Diggler, I'll add this - just to go a bit farther on something you said -


dirt diggler said:


> Most of the time, your financial position in life is the result of your actions --- not rising gas prices, 9/11, interest rates etc.


in my opinion your financial position in life is must highly influenced by your outlooks. When we are talking about income those outlooks are specifically influenced by who you hang around with. This isn't my original thought but it goes something like _if you want to predict a man's income, simply take the income of his 5 closest friends and average it and you will be within 10% almost everytime._

What that really means is who we have around us influences and in some cases limits our potential. Hang around with drug addicts and you're either a drug councilor or you're a drug addict yourself. Hang around a bunch of 'victims' of life and you're probably one too. So yeah, your financial position is influenced by your actions, but more importantly by your attitude. I see that most people in business if they aren't "in it to win it", they most likely just one day found themselves working for themselves instead of someone else, and that is more than good enough just in it's self for them.


----------



## Debookkeeper (Jul 23, 2006)

Hey Mike, you can get a side job as a motivational speaker. :thumbsup:


----------



## dirt diggler (May 14, 2006)

good stuff, gentlemen


----------



## steve-in-kville (Aug 30, 2006)

Mike Finley said:


> What that really means is who we have around us influences and in some cases limits our potential. Hang around with drug addicts and you're either a drug councilor or you're a drug addict yourself. Hang around a bunch of 'victims' of life and you're probably one too. So yeah, your financial position is influenced by your actions, but more importantly by your attitude. I see that most people in business if they aren't "in it to win it", they most likely just one day found themselves working for themselves instead of someone else, and that is more than good enough just in it's self for them.

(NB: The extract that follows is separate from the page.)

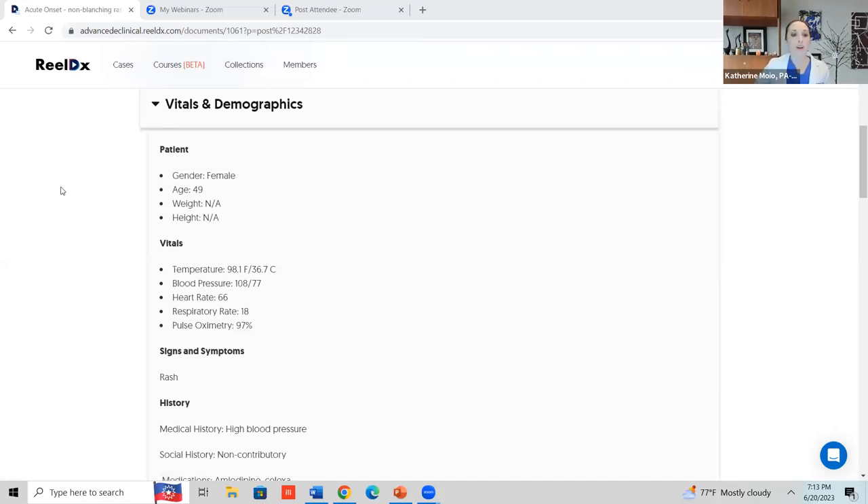She's a 49-year-old female. Temperature is 98.1°F (36.7°C), blood pressure 108/77, heart rate 66 beats per minute, respiratory rate 18 breaths per minute, pulse oximetry 97% on room air. Normal temperature is around 98.6°F. Blood pressure less than 130/80 per new guidelines is acceptable, so she's not hypertensive or hypotensive. Heart rate is in normal range between 60 and 80 beats per minute. Pulse oximetry above 94% on room air is acceptable. Her vitals are really unremarkable.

I agree with this 100%:thumbsup: I've seen this theory proven over and over again.

steve


----------



## dirt diggler (May 14, 2006)

Mike Finley said:


> I see that most people in business if they aren't "in it to win it", they most likely just one day found themselves working for themselves instead of someone else, and that is more than good enough just in it's self for them.


Mike, unfortunately, I think you're absolutely correct

and yep, attitude more than action.


----------



## Melissa (Feb 23, 2006)

dumplin1078 said:


> The rich get richer while the poor get poorer for a reason. It's because of the actions of the rich cause them to get richer. Dave Ramsey says, " If you want to be rich, do rich people stuff, if you want to be poor do poor people stuff." Think about it how many cash advance places do you see in the high end of town?


I disagree (except for the last sentence). I think the rich get richer, because it takes money to make money. How can the poor ever get out of the vicious cycle that they're in? You need money for an education.... You need an education to make money..... ?????????


----------



## Mike Finley (Apr 28, 2004)

Melissa said:


> I disagree (except for the last sentence). I think the rich get richer, because it takes money to make money. How can the poor ever get out of the vicious cycle that they're in? You need money for an education.... You need an education to make money..... ?????????


I think there is truth to that in the fringes of the example, like the single mom raising 3 kids and working 2 jobs. But for a whole lot of people the more they make the more they spend. There aren't a whole lot of poor people going bankrupt. How does somebody with a combined household income of $120K have to go BK?

Somebody here once said that if you redistributed all the wealth in the world evenly, within less than 5 years there would be rich, middle and poor again. If that's true then it doesn't support the it takes money to make mone theory. 

Really to get maybe not rich, but at least on the road, all it takes is 5 words - _spend-less-then-you-earn_.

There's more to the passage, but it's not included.